Zniszczone/przeklęte twierdze[]

Począwszy od Czasu Niedoli, poprzez Czas Wojen Goblinów, aż po czasy współczesne, dziesięć krasnoludzkich twierdz padło ofiarą Goblinów, Skavenów i sił Chaosu:

   Karak Ungor - Znana jako "Dolina Odkrywców". Znajduje się na północny wschód od Karak Kadrin i jest zbudowane na wielkiej naturalnej linii uskoku w ziemi. Pod ziemią pod tym gospodarstwem znajdują się ogromne pokłady i żyły minerałów, klejnotów i metali szlachetnych, dlatego krasnoludy zbudowały najgłębszą i najbardziej rozległą sieć kopalni i wyrobisk w całych Górach Krańca Świata. Jednak ich kopalnie były tak rozległe, że w końcu nawet one same straciły orientację co do ich rozmieszczenia i liczby. W bezpośrednim następstwie Czasu Nieszczęść, w roku cesarskim -1500, po ogromnych zniszczeniach spowodowanych trzęsieniami ziemi, Nocne Gobliny zaatakowały niżej położone wyrobiska i opuszczone kopalnie, w końcu wdzierając się na górę i przytłaczając Krasnoludy, zanim te zdążyły zorganizować obronę. Po tym, jak krasnoludy zostały zmuszone do opuszczenia gospodarstwa, zostało ono w pełni przejęte i przemianowane na Górę Czerwonego Oka. Obecnie jest to siedziba władcy Czarnych Orków Grimgora Ironhide'a.

   Karak Varn - znana jako "Twierdza Jeziora otoczona górami" (obecnie nazywana Cragmere), była niegdyś kwitnącym gospodarstwem krasnoludów.
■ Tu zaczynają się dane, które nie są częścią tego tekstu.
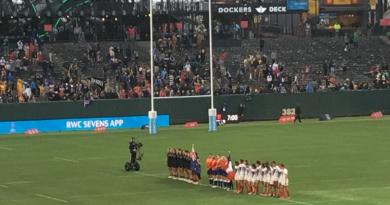 Rugby à 7. France 7 Féminines vice-championne du monde derrière les Black Ferns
Dziś jest to ruina, oddana Skavenom i innym wrogom krasnoludów. Jest to jedna z dwóch krasnoludzkich twierdz, z których rozciąga się widok na Jezioro Czarnej Wody, na styku Gór Czarnych i Gór Krańca Świata.

   Karak Osiem Szczytów - Znana jako "Królowa Srebrnych Głębin". Karak Osiem Szczytów jest znany dzięki ośmiu ogromnym górom, które go otaczają: Karag Zilfin, Karag Yar, Karag Mhonar, Karagril (zwany też Silverhorn) na wschodzie oraz Karag Lhune, Karag Rhyn, Karag Nar i Kvinn-Wyr - Biała Dama - na zachodzie. W przeszłości było znane jako Królowa Srebrnych Głębin i było wielkim miastem krasnoludów. Spędziły one wiele pokoleń na rzeźbieniu cudów architektury w litej skale górskiej, z której zbudowano miasto. Krasnoludy drążyły tunele głęboko w korzeniach okolicznych gór, wydobywając niezliczone sale, galerie, place, kopalnie i tunele, świątynie i grobowce, w których spoczywali potężni królowie, a także zaprojektowały wielkie schody zwane Srebrną Drogą, liczące około tysiąca stopni. Jednak wszystko musi się kiedyś skończyć i w końcu zaczęły się otwierać tunele, które nie zostały wykonane przez krasnoludy. Niekończące się hordy goblinów i wielu gorszych stworzeń tysiącami szturmowały głębiny kopalni, przytłaczając niczego nie podejrzewającą twierdzę. Krasnoludy stworzyły potężne mury, aby odgrodzić się od wrogów na poziomie gruntu, tworząc twierdzę potężniejszą niż jakakolwiek inna, ale nigdy nie spodziewały się ataku z dołu. Wszystkie podziemne wykopaliska przepadły na rzecz najeżdżających Goblinów i Skavenów, a krasnoludzcy mieszkańcy zostali zmuszeni do powrotu do silnie ufortyfikowanej cytadeli w sercu Karak Osiem Szczytów, aż w końcu zostali wyparci.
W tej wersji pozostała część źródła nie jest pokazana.